Припомнив, о чем я говорила немного ранее, читатель, верно, захочет узнать, как отвечала я на эти письма: повинуясь ли строгой узде Рассудка или свободному веленью Чувства?

Сказать по правде, я отдавала должное обоим. Я служила двум господам: поклонялась в доме Риммона [201]и возносила сердце к иной святыне.

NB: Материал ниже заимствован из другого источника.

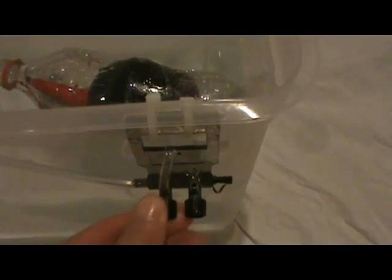So now we know the density of this submarine is less than the density of water. I'm going to open this valve up to allow the air to escape. You'll notice that the submarine will now go down to the bottom, because the density is now greater than the density of water.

На каждое письмо я писала два ответа: один — чтоб излить душу, второй — для глаз Грэма.

Сначала мы вдвоем с Чувством изгоняли Рассудок за дверь, запирались от него на все замки и засовы, садились, клали перед собой бумагу, макали в чернильницу резвое перо и строчили о том, что лежало на сердце. Две страницы наполнялись завереньями в истинной склонности, в глубокой, горячей признательности (раз и навсегда замечу в скобках, что с презрением отвергаю всякое подозрение в «пылких чувствах»; никакая женщина себе их не позволит, ежели на всем протяжении знакомства ее никогда не разуверяли в том, что им предаться было бы прямым безумием: никто не пускается в плаванье по морю Любви, если только не различит или не вообразит звезды Надежды над его бурными волнами). Далее речь велась о трепетном почтении и привязанности, готовности принять на себя все беды и напасти, уготованные судьбою моему предмету, взвалить на себя все тяготы, лишь бы они миновали существо, достойное забот самых горячих. И вот тут-то Рассудок ломился в дверь, сбивал все замки и засовы, мстительно хватал исписанные листы, читал, насмешничал, вымарывал, рвал, переписывал заново, складывал, запечатывал и отправлял адресату короткое сдержанное посланье. И правильно делал.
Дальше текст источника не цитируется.